▶ **Description of the task**
Only the lines from the one containing "2 LP DISQUE" through the end of the entries are to be copied, exactly and without pictures, please.

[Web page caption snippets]
____
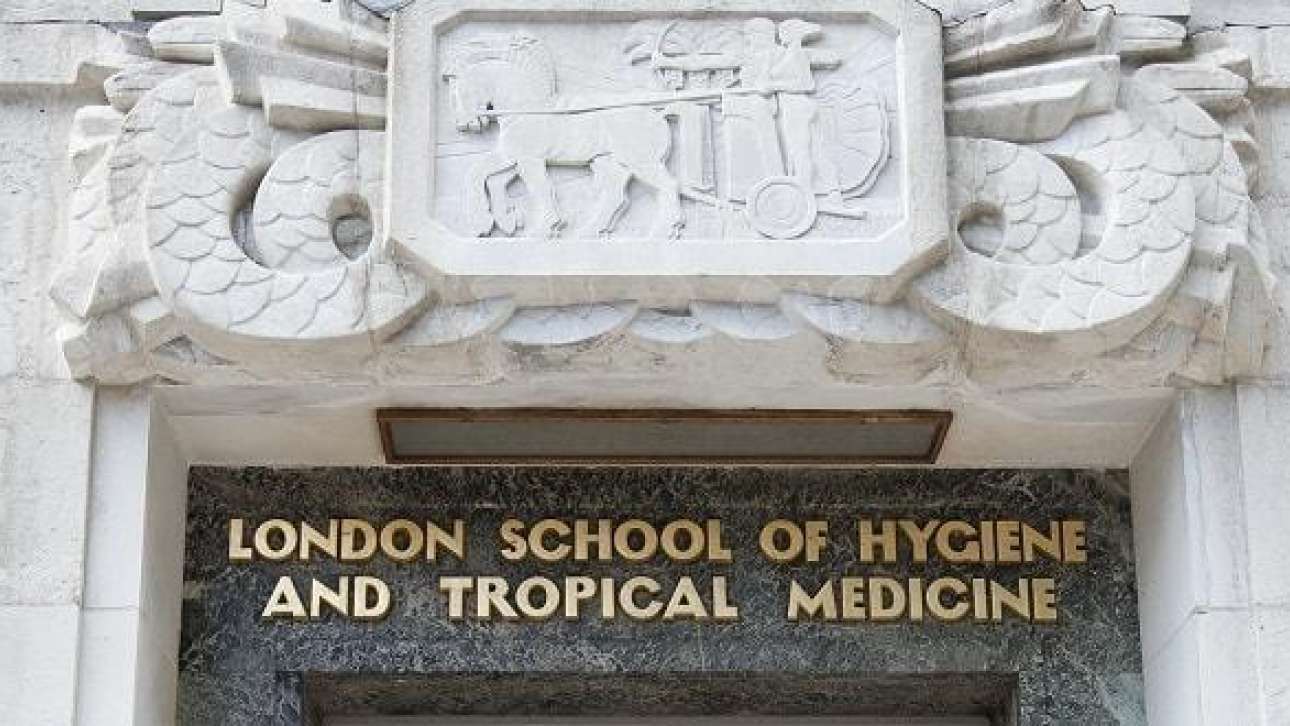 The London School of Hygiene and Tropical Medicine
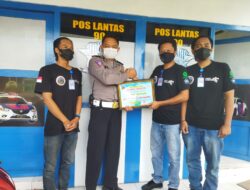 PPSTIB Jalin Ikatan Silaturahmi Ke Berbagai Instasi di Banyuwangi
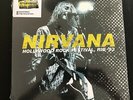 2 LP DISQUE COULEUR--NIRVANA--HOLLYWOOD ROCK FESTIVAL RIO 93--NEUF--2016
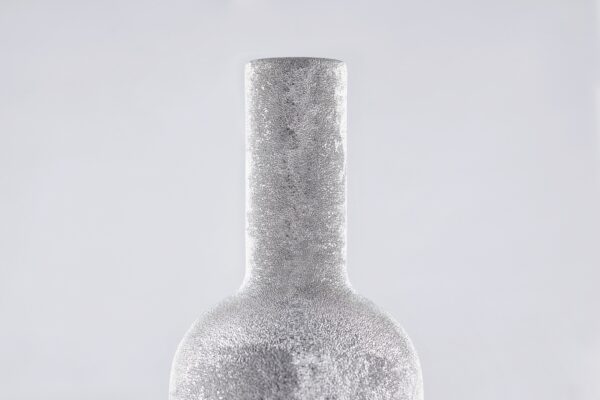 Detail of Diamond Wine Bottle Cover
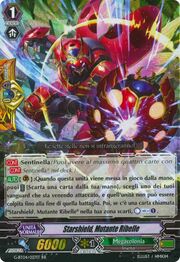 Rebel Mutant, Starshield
____
▶ **Finished exercise**
 2 LP DISQUE COULEUR--NIRVANA--HOLLYWOOD ROCK FESTIVAL RIO 93--NEUF--2016
 Detail of Diamond Wine Bottle Cover
 Rebel Mutant, Starshield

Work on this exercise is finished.